Comunicazioni consapevoli

Comunichiamo per essere in relazione con qualcuno.

La modalità con la quale lo facciamo dovrebbe permetterci di dare all’interlocutore (o agli interlocutori) informazioni necessarie, esaustive ed utili a far comprendere ciò che vogliamo sia compreso. 

Erroneamente a quanto la maggior parte delle persone pensa, la comunicazione verbale (attraverso il dialogo, il confronto e in alcuni casi il conflitto), è responsabile solo in minima parte dell’efficacia comunicativa, poiché il resto è affidata al non verbale (circa il 93% in ogni comunicazione), ovvero alla distanza scelta rispetto a chi ci ascolta, al tono della voce, alla postura, alla mimica, al modo in cui ci «muoviamo» o stiamo fermi nello «spazio comunicazionale». 

Quando parliamo, oltre al contenuto dell’informazione che vogliamo dare, esprimiamo aspetti di noi, di cui non sempre siamo completamente consapevoli: rabbia, delusione, apprensione, felicità, aspettativa… ed instauriamo così relazioni che, agli occhi dell’altro, possono apparire sincere, difficili, insoddisfacenti. 

Un’altra imprecisa idea che molti hanno, a proposito della comunicazione, riguarda la responsabilità di chi parla, rispetto al dovere di chi ascolta, di capire sempre tutto quello che viene detto in modo chiaro, corretto, opportuno. 

Per comunicare efficacemente occorre però aver maturato, a livello introspettivo, l’obiettivo reale e concreto del contenuto espresso, ricordando che un messaggio è fatto di contenuto e di relazione. 

Se per il primo aspetto può essere utile trovare una modalità di espressione consona alle competenze cognitive e formative di chi abbiamo davanti (non passiamo parlare a un bambino di 5 anni come parleremmo a un filosofo di 90), per l’aspetto della relazione, potrebbe essere più complesso comprenderne il meccanismo. 

La prima tappa sta nel capire «veramente» cosa proviamo rispetto a quello che stiamo dicendo. 

Immaginiamo di trovarci in compagnia di una persona spocchiosamente egocentrica che non perde mai occasione di elencare le magnifiche cose che fa nella vita e di essere nella situazione di non aver alcuna intenzione di ascoltarla ma nell’impossibilità (per svariate ragioni) di evitarla. 

Una soluzione sarà quella di «starla a sentire» e interloquire con lei con espressioni e monosillabi che socialmente dovrebbero avere la funzione di «sopportare» l’altro ma che a livello non verbale, invece, comunicheranno intensamente cosa state pensando di lui/lei. 

Chi ascolta dunque si troverà di fronte a un comportamento contrastante e incongruente dove, se è un po’ esperto di comunicazione, emergerà la parte insofferente accanto a quella meno autentica dell’ascolto. 

Se la persona in questione poi è una di quelle che fa parte del nostro blocco di conoscenze, per esempio lavorative, è probabile che registrerà questo nostro modo di «fingere» nella relazione e sceglierà il modo successivo di stare con noi: 

1.   Non è interessata a ciò che dico, ma non ha il coraggio di dirmelo quindi smetto di parlare. 

2.   Non è interessata a che dico perché prova invidia per i miei successi e allora continuo a elencarli, così continuerà a sentirsi «una nullità».

Sperare di avere tra la rosa dei conoscenti una persona del primo esempio è un po’ utopistico.

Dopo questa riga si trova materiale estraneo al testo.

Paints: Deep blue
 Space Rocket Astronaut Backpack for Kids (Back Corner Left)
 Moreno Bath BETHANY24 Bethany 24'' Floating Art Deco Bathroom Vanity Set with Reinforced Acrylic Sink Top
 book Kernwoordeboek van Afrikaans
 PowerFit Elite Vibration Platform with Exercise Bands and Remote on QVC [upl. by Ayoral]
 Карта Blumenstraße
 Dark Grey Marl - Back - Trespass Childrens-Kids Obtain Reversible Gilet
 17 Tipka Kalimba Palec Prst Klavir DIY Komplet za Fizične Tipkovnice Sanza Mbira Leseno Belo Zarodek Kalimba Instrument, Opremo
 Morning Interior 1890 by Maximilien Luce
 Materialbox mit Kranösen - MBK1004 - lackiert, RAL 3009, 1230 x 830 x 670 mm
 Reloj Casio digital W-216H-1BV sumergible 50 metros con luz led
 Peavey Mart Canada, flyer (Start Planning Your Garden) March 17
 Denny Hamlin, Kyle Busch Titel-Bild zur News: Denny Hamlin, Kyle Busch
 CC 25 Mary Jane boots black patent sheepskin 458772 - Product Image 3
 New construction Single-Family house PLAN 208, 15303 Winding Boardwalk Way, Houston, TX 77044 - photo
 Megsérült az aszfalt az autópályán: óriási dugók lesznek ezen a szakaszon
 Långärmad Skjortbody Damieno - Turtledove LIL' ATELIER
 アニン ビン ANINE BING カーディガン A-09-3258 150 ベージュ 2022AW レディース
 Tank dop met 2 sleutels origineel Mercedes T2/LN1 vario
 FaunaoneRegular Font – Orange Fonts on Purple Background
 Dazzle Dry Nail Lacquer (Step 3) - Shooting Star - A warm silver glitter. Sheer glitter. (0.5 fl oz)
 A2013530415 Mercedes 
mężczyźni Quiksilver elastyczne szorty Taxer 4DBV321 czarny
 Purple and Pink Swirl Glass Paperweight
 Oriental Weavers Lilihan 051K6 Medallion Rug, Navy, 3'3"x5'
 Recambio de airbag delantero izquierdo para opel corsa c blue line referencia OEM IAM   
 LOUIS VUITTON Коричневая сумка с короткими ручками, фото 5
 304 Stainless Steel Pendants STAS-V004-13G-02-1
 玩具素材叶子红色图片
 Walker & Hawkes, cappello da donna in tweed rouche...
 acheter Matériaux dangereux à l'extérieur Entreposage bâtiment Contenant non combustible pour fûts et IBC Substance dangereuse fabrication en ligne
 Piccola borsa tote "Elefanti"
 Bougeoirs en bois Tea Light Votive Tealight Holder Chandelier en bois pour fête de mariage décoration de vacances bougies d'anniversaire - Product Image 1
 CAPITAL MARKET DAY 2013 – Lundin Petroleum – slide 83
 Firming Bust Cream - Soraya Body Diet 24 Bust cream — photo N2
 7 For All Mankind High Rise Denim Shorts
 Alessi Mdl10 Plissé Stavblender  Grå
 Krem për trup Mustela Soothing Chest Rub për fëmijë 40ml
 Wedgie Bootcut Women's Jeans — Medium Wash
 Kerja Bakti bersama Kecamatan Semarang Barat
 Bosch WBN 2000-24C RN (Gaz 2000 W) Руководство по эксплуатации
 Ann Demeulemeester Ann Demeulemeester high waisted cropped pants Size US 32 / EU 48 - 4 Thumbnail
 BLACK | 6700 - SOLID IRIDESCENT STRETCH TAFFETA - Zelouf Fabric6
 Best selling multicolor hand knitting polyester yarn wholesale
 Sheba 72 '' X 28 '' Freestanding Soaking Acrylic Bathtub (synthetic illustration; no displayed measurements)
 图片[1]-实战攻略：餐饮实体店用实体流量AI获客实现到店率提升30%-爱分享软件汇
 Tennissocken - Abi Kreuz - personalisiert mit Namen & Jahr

Le persone che «sentono» di non essere ascoltate, raramente sono disponibili con chi avrebbe potuto ascoltarle e lo non lo ha fatto. 

Ecco allora che nella comunicazione fa capolino un altro importante tassello: la capacità di riconoscere e gestire la componente emozionale

Sapere cosa si sta provando quando si è in relazione con qualcuno consente di scegliere tra la gamma di strumenti che abbiamo a disposizione per essere parte attiva nella conversazione. Scegliendo modalità e contenuti adatti alla comunicazione e prevedendone gli effetti sull’altro ma soprattutto su di noi.